約2万5千人のランナーが港町を駆け抜けた「横浜マラソン2016」。大会を支えたのは、昨年の第1回大会より約900人増員された約7400人のボランティアだった。受け付け誘導や給水、コース監察、救護などさまざまな役割でランナーをもてなした。18カ所の給水所でダンスや音楽など趣向を凝らした「給水パフォーマンス」も盛り上げに一役買った。

「ナイスラン! あと少し頑張れ」。フルマラソン最終給水所となった象の鼻パーク前(横浜市中区)。ペースが落ち、顔をゆがめるランナーに沿道のボランティアや観客から盛んに声援が送られた。

給水業務に当たっていた都内在住の柴崎和利さん(53)は昨年の大会にランナーで参加。東京マラソンの出場経験もあるが、横浜マラソンは「ボランティアの力」を実感したという。「応援の後押しがあって完走できた。今年はその恩返しをしたい」と笑顔でランナーに接していた。

給水パフォーマンスで昨年に続き好評だったのは、バーテンダーによるカクテルの提供。ランナーが飲みやすいよう、横浜をイメージした青色で爽やかなオレンジ風味のノンアルコールカクテル6千杯分を用意、約1時間半でなくなったという。日本バーテンダー協会の有田王城・県本部長は「横浜マラソンの風物詩にしたい」と話した。

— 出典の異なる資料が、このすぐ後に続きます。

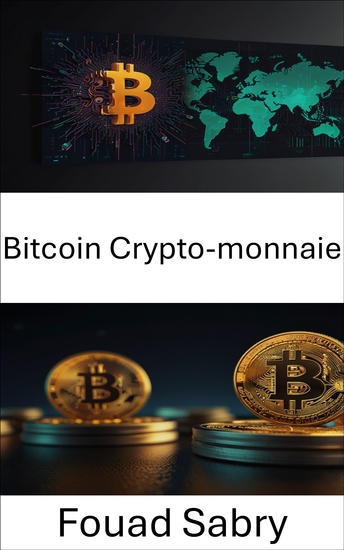Bitcoin Crypto-monnaie - Révolution des actifs numériques décentralisés propulsée par la technologie Blockchain - cover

人生初のフルマラソンを完走した同市神奈川区の会社員柿山喬さん(33)は「最後は足がパンパンで上がらなくなったけど、(残り約2キロの)山下公園からの応援に勇気付けられた。来年も走りたい」と爽やかな笑顔を見せた。

神奈川新聞社は13日、横浜マラソンの開催を受け、号外を発行した。

ゴール地点となった横浜・みなとみらい21(MM21)地区のパシフィコ横浜周辺などで計約6千枚を配布。走り終えたランナーらが「記念になる」と手に取った。